The Current Checkoff In Brief. The current national pork checkoff program has been in operation since September of 1986 after its original establishment by the national Pork Promotion, Research and Consumer Information Act of 1985. It was at that time that a national referendum was held in which a significant majority of pork producers voted to establish a national checkoff program. The act established provisions for a 15-member National Pork Board that is responsible for oversight of collection and distribution of funds obtained through the checkoff program. This Board is appointed by the U.S. Secretary of Agriculture and is representative of pork producers from throughout the country. Although Virginia is not a major hog producing state, we have been fortunate in recent years to be directly represented on the National Pork Board by Mr. Bobby Bryan of Dillwyn, Virginia, who was appointed to the Board in 1993.

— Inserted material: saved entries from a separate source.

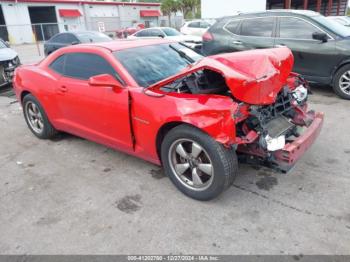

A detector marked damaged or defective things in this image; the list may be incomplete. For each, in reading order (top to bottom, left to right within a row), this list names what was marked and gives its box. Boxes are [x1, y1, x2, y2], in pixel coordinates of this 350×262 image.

severe front damage [0, 41, 20, 87]
crumpled hood [149, 47, 294, 104]
severe front damage [149, 47, 324, 172]
destroyed front bumper [274, 112, 326, 172]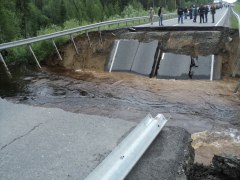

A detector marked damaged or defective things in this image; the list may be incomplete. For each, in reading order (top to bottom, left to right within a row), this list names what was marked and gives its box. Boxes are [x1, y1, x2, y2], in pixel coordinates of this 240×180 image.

bent guardrail rail [0, 12, 176, 77]
cracked asphalt slab [0, 97, 137, 179]
bent guardrail rail [85, 114, 168, 180]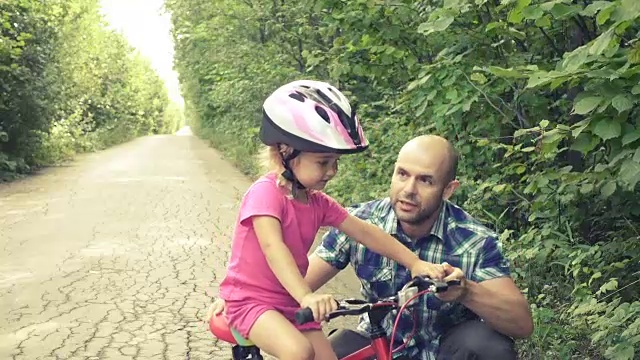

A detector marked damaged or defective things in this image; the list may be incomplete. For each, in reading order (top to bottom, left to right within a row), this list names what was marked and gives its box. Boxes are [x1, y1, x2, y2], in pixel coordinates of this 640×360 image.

The pork checkoff rate is .45 of 1 percent of the market value of each hog or pig sold. For example, if a 245 lb. market hog sells for a total of $100 at the point of sale, then 45 cents of this total is "checked off" and transferred to the national pork checkoff fund. Cull sows and boars, feeder pigs and weaned pigs are also subject to checkoff at the same rate of .45 percent of total value at the point of sale. These funds go to the National Pork Board for distribution into programs for the enhancement of pork use and production in the U.S. A proportion of the funds come back to participating state pork associations based on the state's total contributions to the national program.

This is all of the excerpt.